He clamps his mouth shut but I see the unease in his face. “Speak, Verig. I made you second for your insight as well as your skills.”

“You promised our warriors females, Atox. And, while I hate the idea of having human females, we need them. We have too few orc females to survive. If we decimate the humans, then we destroy our own future.”

The hooves of the legion of gorjas behind us strike the ground in a rhythmic pattern that used to soothe me, as did the thought of crushing the enemy. But not this enemy. Not while my female is with them. She could get hurt.

You’re weak. You will fail, Atox.

I wonder if my memory of my father will ever fade.

Then a voice I haven’t heard in a month, one I long to hear more than even my mother’s, fills my soul.

You’re nothing like your father, Atox.

I know you. I see the male you are. You make me stronger.

Why her words haunt me, I do not know. My female left me.

“There are other females. The moxxels.” All I can envision after weeks of pain is dead humans littering the ground.

Except my female could be among them.

Anger and confusion fill me at the thought of her broken, lifeless body.

“If you never planned to spare the humans, Atox, then why did you not order me to lead an attack the day they attacked you?”

I want to see her one last time. “She doesn’t want me, but she’s still mine, Verig. I have a duty to her. I must ensure she doesn’t get hurt in the battle.”

“Even though she left you.”

When I do not answer, he adds, “Why not take her back from the humans by force?”

I miss my female, and I cannot even tell my second. He would think me weak. And he’d be right.

Every night, I fall asleep, the image of Paloma walking away from me seared in my brain. The pain from that moment will last longer than the burns, with deeper, biting scars that none of Ossa’s salves can heal.

I wanted more with Paloma than her body in my furs.
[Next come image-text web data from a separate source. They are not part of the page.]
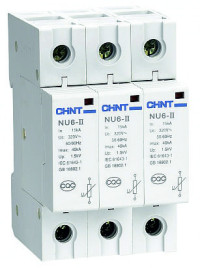 Ограничитель  имп. перенапр.  NU6-II 3Р In=15kA  Uc=460B Im=40kA, Chint, 213583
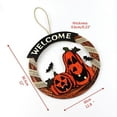 thumbnail image 2 of Letrero colgante de Halloween con corona de calabaza: para un feliz Halloween, 2 of 5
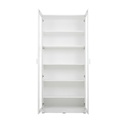 KC-Play /Jobio Tall Cabinet CT80-DE02/White/Clear Glass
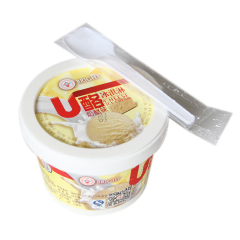 光明奶酪味冰淇淋2015年日期特价5杯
I wanted all of my female, standing at my side, completing me with her strength, wisdom, and compassion. She was right. I am not anything like my father… but that was because of her.
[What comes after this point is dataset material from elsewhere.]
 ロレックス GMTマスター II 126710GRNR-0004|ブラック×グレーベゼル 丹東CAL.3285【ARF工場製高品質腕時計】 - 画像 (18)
If she cannot be with me, then I’m at a loss as to what my future holds. I cannot turn my anger on her. I just… can’t. I pray to the gods my female finds the happiness and peace she seeks even though I never will, not without her.

I straighten atop my gorja. “I will not explain myself to you.”

Verig growls. “You’ve changed, Grak.”

He rarely uses my title. Doing so now sets me on edge more than I already am. I lost my female, and now I risk losing my second’s respect and support. A male whose opinion I value above all others.

Except my female’s.

Vek, why can’t I forget about her?

“Speak, Verig. Do not hide your thoughts from me. Tell me I’m as bloodthirsty as my grak.”

He snorts. “No, Grak, you are nothing like him. But you have changed. You are more patient. Less hungry for the blood of our enemy.”

“She’s not the enemy.” Vek, I didn’t mean to say that aloud.

“Our graka? No, she’s not. But she’s among them. She may be killed, as may many of the females. Females we need. Would it not be better to take them and leave the human males without? They will suffer more in life than in death.”

His idea has merit. And it would solve two problems. “The humans agreed to five, so we will take ten,” I say.

“In addition to our graka.”

“She will remain with the human colony.”

“Grak, she is your female! You performed the risha. You should?—”

“Enough! I have my reasons.”

It has taken me weeks of lying in bed, healing, to figure out why she walked away. I once told her I’d never hurt her. I always thought protecting a mate meant keeping her from physical harm, but she’s shown me there is another type of pain, that of being ripped from those you love. Like how I took her from her sisters and her people.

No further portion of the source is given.